1 Exploiting microalgal diversity
Recent studies have shown positive relationships between microalgae diversity and resource (phosphorus, nitrate) use efficiency in freshwater and brackish communities (Ptacnik et al. 2008; Cardinale 2011). Algal communities with greater species richness make better use of niche opportunities in an environment, allowing them to capture a higher proportion of available resources (Cardinale 2011). The great variety of nutrition modes displayed by microalgae species for acquiring carbon or nutrients helps to extend their niche opportunities in changing environments. Depending on the species, their physiology, cell size and biotic and abiotic environmental growth conditions, microalgae can use various forms of nitrogen (elemental nitrogen, ammonium, nitrate, organic nitrogen) or particulate organic substances for growth (Raven 1997; Stoecker 1999; Granéli et al. 1999). For example, some Chrysophytes, Prymnesiophytes, Dinophytes and Cryptophytes species have been reported as consuming dissolved organic matter (Granéli et al. 1999) or ingesting particles (Caron 2000). These species are usually observed in low light environments occasionally submitted to strong riverine inputs (coastal marine waters and estuaries). Furthermore, microalgae have developed the production of peptides that are able to bind heavy metals, but this binding efficiency is species dependent (Wide and Bennan 1993) and varies with cell size, shape and cell wall composition (Tam et al. 1997).

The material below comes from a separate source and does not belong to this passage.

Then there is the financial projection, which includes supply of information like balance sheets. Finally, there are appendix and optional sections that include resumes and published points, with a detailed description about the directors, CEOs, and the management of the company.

The culture of mixed microalgal species (polyculture), combining species with different metabolic abilities (e.g. the use of different forms of N, C and contaminants) may improve the overall remediation capacity of cultures when supplemented with multiple resources. This is supported by the results of a recent study (Li et al. 2012) which showed that cadmium removal efficiency increased with microalgal (Chlorophytes) species richness. Assemblies of algal species (a mixture of mixotrophic species—Chinnasamy et al. 2010, a mixture of cyanobacterial species—Dubey et al. 2011, and a mixture of diatoms and Chlorophytes—Ventaka Mohan et al. 2011), supplied with domestic and industrial contaminated waters, were successfully cultivated and resulted, respectively, in high biomass productivity (21 g m−2 day−1), up to 100% removal of contaminants and the production of lipids suitable for biodiesel.

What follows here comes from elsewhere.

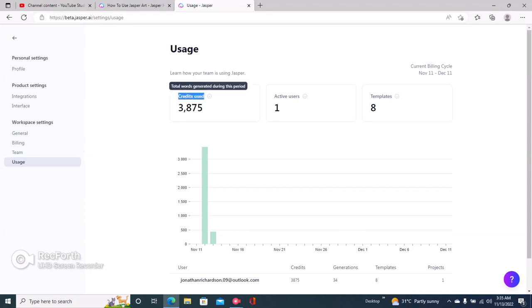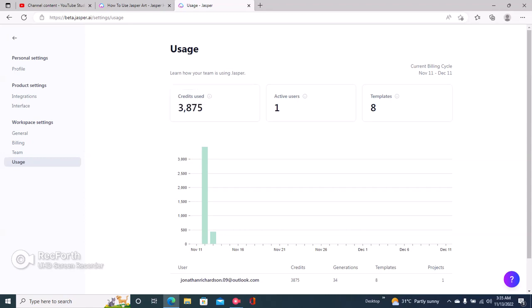Jasper says credits used, it actually means words used. Okay, so right now I have this is a free trial account, so I have 10,000 words or 10,000 credits. So to know how many words I have left,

Given the wide variety of metabolisms developed by microalgae observed in nature, growing in all habitats even in extreme environments, the use of a cultivation method based on mixed species with different specific metabolic capabilities requires extensive investigation to explore all possible combinations of species. It may be possible to use polycultures combining, for example, both photoautotrophs and mixotrophs, or ammonia and nitrate users, to improve not only the productivity of the cultures but also their resilience.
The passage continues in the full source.